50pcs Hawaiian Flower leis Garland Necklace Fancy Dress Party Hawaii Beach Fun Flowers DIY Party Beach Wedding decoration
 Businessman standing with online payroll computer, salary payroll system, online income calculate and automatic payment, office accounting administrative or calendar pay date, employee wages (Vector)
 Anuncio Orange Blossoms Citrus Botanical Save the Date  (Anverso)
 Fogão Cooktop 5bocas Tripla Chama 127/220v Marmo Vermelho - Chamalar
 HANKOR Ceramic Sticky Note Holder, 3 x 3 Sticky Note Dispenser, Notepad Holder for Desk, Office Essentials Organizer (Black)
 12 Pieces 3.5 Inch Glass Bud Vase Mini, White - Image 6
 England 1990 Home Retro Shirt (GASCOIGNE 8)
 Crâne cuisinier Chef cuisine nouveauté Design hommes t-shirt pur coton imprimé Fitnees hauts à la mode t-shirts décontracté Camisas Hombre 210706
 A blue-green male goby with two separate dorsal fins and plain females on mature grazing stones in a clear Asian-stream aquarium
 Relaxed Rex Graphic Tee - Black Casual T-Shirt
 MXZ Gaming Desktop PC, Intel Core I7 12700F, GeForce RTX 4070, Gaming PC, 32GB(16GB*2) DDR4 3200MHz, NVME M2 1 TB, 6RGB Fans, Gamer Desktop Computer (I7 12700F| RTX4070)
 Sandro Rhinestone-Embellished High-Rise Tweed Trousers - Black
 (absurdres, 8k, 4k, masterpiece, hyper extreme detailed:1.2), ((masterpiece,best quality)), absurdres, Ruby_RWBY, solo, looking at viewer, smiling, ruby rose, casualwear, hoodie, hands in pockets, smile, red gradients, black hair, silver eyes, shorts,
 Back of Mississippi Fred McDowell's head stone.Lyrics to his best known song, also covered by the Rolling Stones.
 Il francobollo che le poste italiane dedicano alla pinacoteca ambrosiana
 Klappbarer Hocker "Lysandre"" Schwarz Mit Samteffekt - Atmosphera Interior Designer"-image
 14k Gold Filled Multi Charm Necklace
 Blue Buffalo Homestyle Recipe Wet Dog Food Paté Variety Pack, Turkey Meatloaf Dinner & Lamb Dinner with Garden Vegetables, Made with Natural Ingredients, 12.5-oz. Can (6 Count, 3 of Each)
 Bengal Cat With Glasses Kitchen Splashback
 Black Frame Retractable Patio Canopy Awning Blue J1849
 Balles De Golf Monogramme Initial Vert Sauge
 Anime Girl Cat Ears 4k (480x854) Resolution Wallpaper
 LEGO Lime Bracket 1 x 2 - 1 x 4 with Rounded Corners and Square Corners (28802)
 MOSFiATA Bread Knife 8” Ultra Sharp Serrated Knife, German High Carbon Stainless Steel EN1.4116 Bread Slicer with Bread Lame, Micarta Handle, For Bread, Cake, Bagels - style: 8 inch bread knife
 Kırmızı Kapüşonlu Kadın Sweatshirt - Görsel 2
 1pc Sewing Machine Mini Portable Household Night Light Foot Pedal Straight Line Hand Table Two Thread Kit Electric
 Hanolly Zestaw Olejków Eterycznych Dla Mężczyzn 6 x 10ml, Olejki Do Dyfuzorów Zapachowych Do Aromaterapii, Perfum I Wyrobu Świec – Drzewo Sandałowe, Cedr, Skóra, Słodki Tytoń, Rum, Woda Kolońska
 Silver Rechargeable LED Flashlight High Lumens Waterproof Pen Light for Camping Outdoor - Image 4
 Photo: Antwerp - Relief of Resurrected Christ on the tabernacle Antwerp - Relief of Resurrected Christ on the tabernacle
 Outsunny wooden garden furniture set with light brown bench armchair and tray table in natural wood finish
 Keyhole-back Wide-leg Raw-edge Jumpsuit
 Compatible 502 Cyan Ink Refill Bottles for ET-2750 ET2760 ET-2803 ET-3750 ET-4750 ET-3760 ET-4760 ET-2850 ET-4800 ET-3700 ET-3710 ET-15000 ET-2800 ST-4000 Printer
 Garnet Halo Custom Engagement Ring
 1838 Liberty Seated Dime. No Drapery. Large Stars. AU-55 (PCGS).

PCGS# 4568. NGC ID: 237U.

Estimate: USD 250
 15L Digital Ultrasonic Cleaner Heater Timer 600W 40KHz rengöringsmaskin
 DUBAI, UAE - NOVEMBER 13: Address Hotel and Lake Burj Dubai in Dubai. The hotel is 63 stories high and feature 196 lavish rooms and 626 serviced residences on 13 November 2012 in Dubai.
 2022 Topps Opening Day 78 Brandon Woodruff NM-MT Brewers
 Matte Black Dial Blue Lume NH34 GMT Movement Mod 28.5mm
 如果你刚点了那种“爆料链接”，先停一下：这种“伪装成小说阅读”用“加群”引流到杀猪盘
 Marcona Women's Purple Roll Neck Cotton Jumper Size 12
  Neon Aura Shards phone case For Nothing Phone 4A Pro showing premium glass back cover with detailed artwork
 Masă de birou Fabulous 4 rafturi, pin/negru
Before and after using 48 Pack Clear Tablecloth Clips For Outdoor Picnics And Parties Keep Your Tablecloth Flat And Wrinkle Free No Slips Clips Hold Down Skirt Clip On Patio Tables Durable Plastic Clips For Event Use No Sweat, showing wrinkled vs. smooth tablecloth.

+===+

> [DESCRIPTION OF THE TASK] Retype, exactly and in full, the lines above from the one containing "Outsunny wooden garden" through the one containing "Masă de birou Fabulous 4 rafturi, pin/negru".

> [FINISHED TASK]
 Outsunny wooden garden furniture set with light brown bench armchair and tray table in natural wood finish
 Keyhole-back Wide-leg Raw-edge Jumpsuit
 Compatible 502 Cyan Ink Refill Bottles for ET-2750 ET2760 ET-2803 ET-3750 ET-4750 ET-3760 ET-4760 ET-2850 ET-4800 ET-3700 ET-3710 ET-15000 ET-2800 ST-4000 Printer
 Garnet Halo Custom Engagement Ring
 1838 Liberty Seated Dime. No Drapery. Large Stars. AU-55 (PCGS).

PCGS# 4568. NGC ID: 237U.

Estimate: USD 250
 15L Digital Ultrasonic Cleaner Heater Timer 600W 40KHz rengöringsmaskin
 DUBAI, UAE - NOVEMBER 13: Address Hotel and Lake Burj Dubai in Dubai. The hotel is 63 stories high and feature 196 lavish rooms and 626 serviced residences on 13 November 2012 in Dubai.
 2022 Topps Opening Day 78 Brandon Woodruff NM-MT Brewers
 Matte Black Dial Blue Lume NH34 GMT Movement Mod 28.5mm
 如果你刚点了那种“爆料链接”，先停一下：这种“伪装成小说阅读”用“加群”引流到杀猪盘
 Marcona Women's Purple Roll Neck Cotton Jumper Size 12
  Neon Aura Shards phone case For Nothing Phone 4A Pro showing premium glass back cover with detailed artwork
 Masă de birou Fabulous 4 rafturi, pin/negru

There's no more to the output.